Si han leído el título, seguro que lo habrán adivinado: el voto al Partido Popular (PP) es el que lava más blanco. El que más sepulcros blanquea en una sola colada. La enhorabuena: España –una mayoría clarísima de 7,9 millones de votantes, 700.000 más que el 20-D, 2,5 millones más que el siguiente de la lista, el PSOE– ha limpiado en las urnas la vergüenza de un partido imputado por corrupto, que ha hecho de la excepción en provecho propio la norma legal imperante, podrido hasta el fondo del alma como una tumba bíblica, y se ha quedado tan tranquila.
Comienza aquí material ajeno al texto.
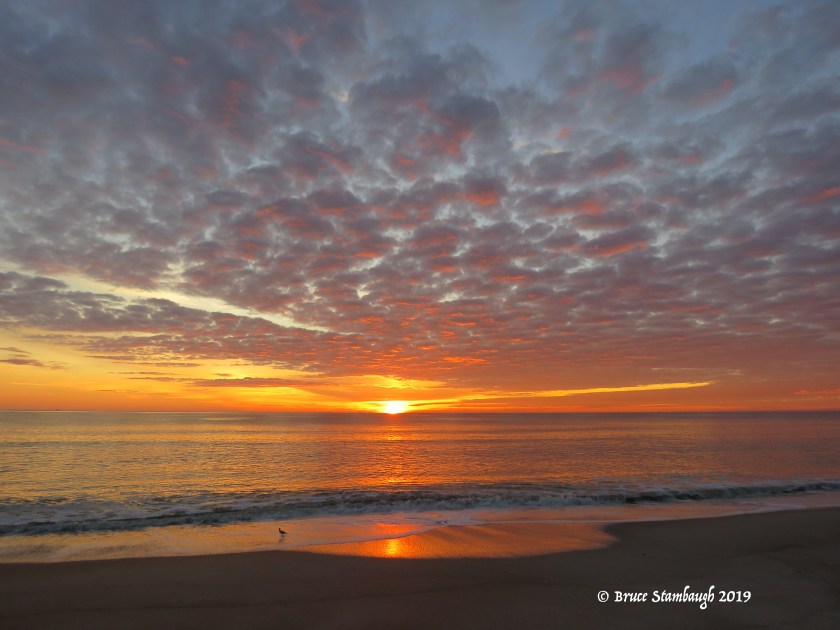 willet, Atlantic Ocean, sunrise photography, Fernandina Beach FL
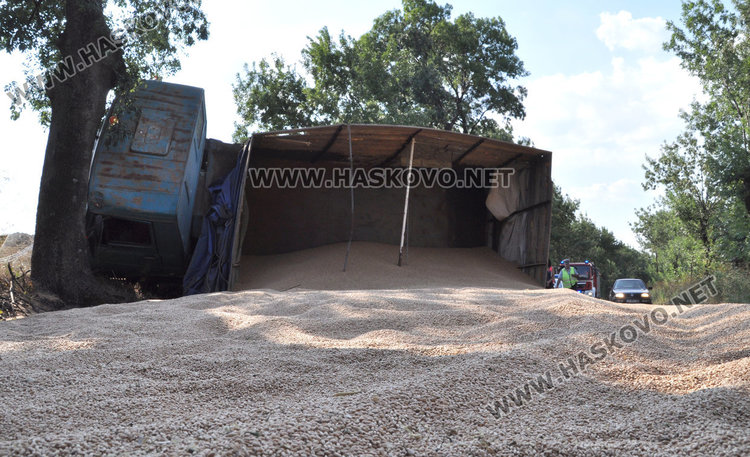 Камион се заби в дърво и се обърна на пътя, 10 т жито на земята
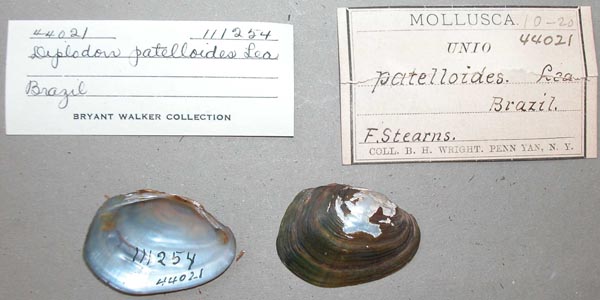 specimen
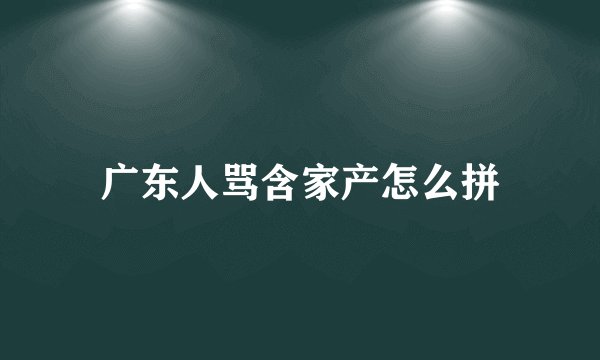 广东人骂含家产怎么拼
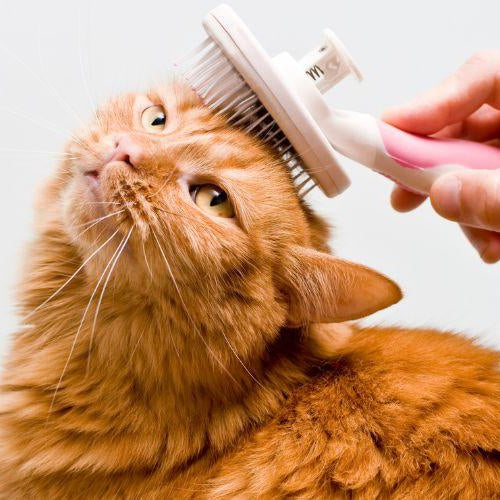 How to Groom Your Cat - Petsy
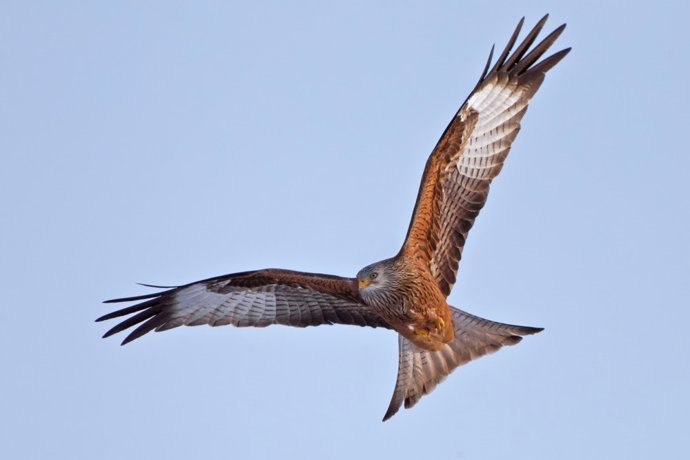 Bruxelles fixe des critères plus pratiques pour appliquer la protection des oiseaux sauvages dans l'UE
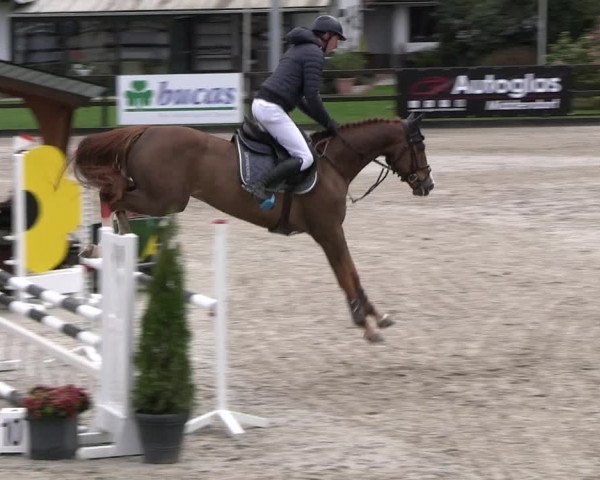 Reitturnier Klein Roscharden 2023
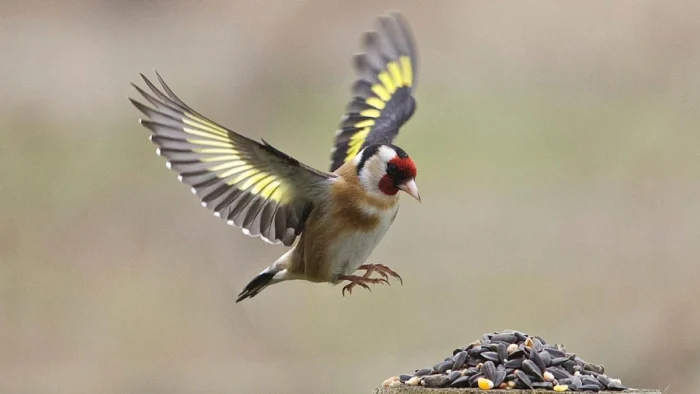 Acosados por los pesticidas y cazados por su canto: proteger los jilgueros es cuidar lo cotidiano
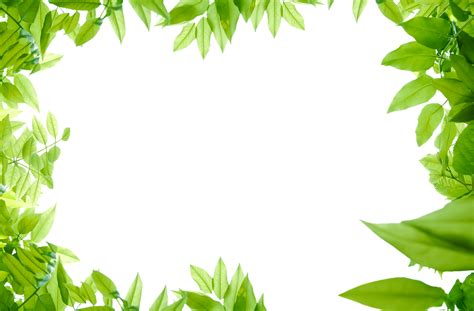 Leaf border png, Leaf border png Transparent FREE for download on ...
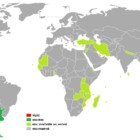 Haiti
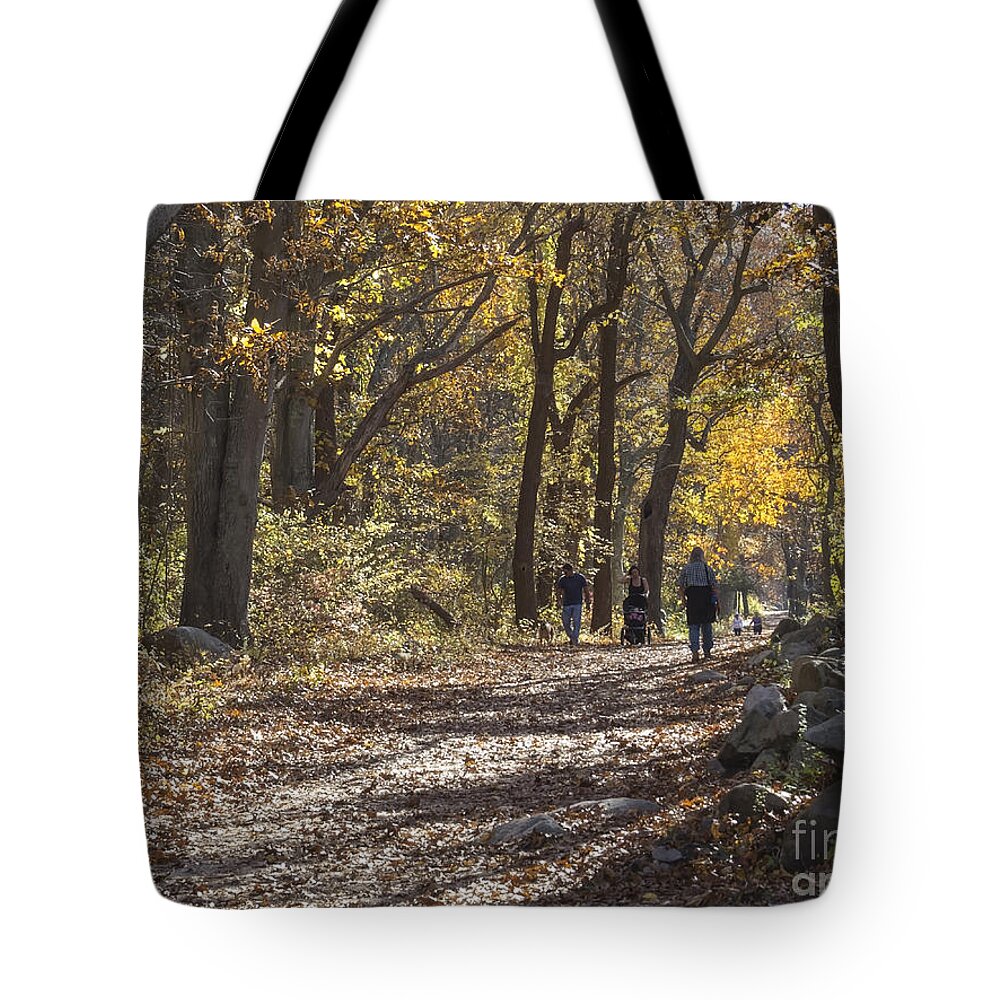 Trees Tote Bag featuring the photograph Wednesday in the Park by Lili Feinstein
El PP incluso ha vuelto a ganar en Valencia, y en Madrid, paradigmas de un sistema institucionalizado de extracción de recursos públicos que ha alimentado durante décadas la maquinaria popular y ha dejado la decencia pública –que también se mide por la calidad del voto– en los mínimos. Ahora se entiende por qué no hacía falta que te fueras, Rita Barberá. Y es cierto que, el 26-J, muchos deben haber pensado, en general, que mejor respirar mierda que arriesgarse a perder la cabeza en la guillotina de Iglesias, el bárbaro de la coleta; o, quizás, a perder Catalunya en un Catalexit bendecido ahora por una Europa que ha perdido Londres pero no quiere perder Barcelona.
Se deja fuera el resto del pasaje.